Kenya’s Equity Bank plans to optimize diversified revenue strategy as it shifts its focus to non-funded earnings to boost performance.
The lender’s non-funded income grew by 21 per cent from Kes 5.2billion to Kes 6.3billion reducing the effects of reduced interest income on total income. The net effect of these resulted in only a 3 per cent reduction in total income to Kes15.2billion from Kes 15.6billion.
Speaking during the release of 2017 Q1 financial results, Equity Bank CEO Dr. James Mwangi said that, the shift to non-funded income has increased and enhanced the quality of earnings significantly by reducing the risked income to non- risked income.
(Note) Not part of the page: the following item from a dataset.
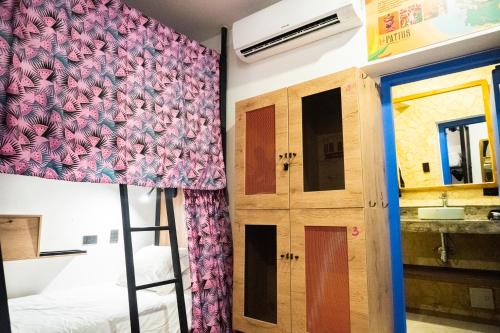 a room with a bed and a door with a curtain at Los Patios Hostel in Cartagena de Indias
The contribution by non-funded income have surpassed this year’s target of 40% to record a 42% growth making it a game changer for the bank.
The sustainable initiatives that the bank has employed for the past one year, are now paying off through improved performance directly linked to its strategy. Part of this initiatives include the mobile banking strategy where transactions have grown by 75 % to KShs 308.8mn up from KShs 176.9Mn.
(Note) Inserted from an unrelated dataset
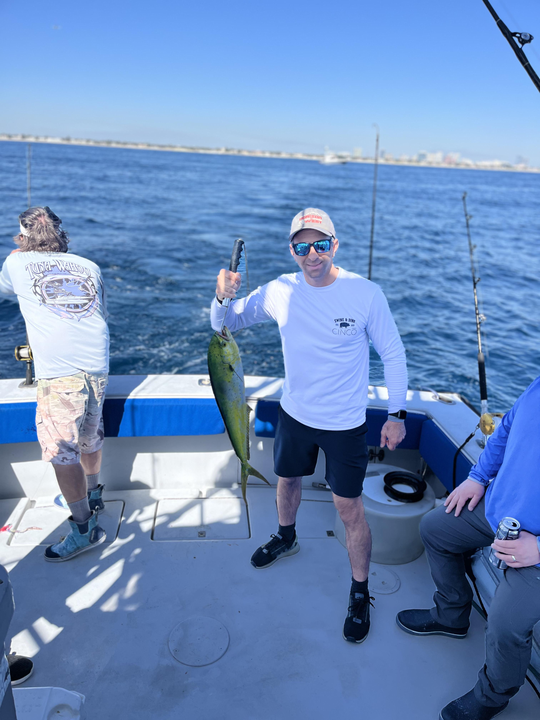 Reeling in a good catch on a beautiful day out at sea.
Equity’s diaspora remittances are up 79% to Kshs 130.1mn from Kshs 72.5mn;Trade Finance income has increased by 78% to KShs 282.8mn from KShs 159mn, Swifts, RTGS has grown by 28%, and agency banking by 19 % while merchant commissions up by 8%.
Moving forward, the bank also plans to grow treasury, forex and fixed income trading to be part of growing list of alternative revenue streams. This reflects a scalable and sustainable plan by the lender as it grows its revenue lines to compensate for the interest income which has been affected by the rates capping.
During the first quarter of the year, Equity has emerged as the most profitable bank in Kenya with a profit before tax of Kshs 6.9Bn.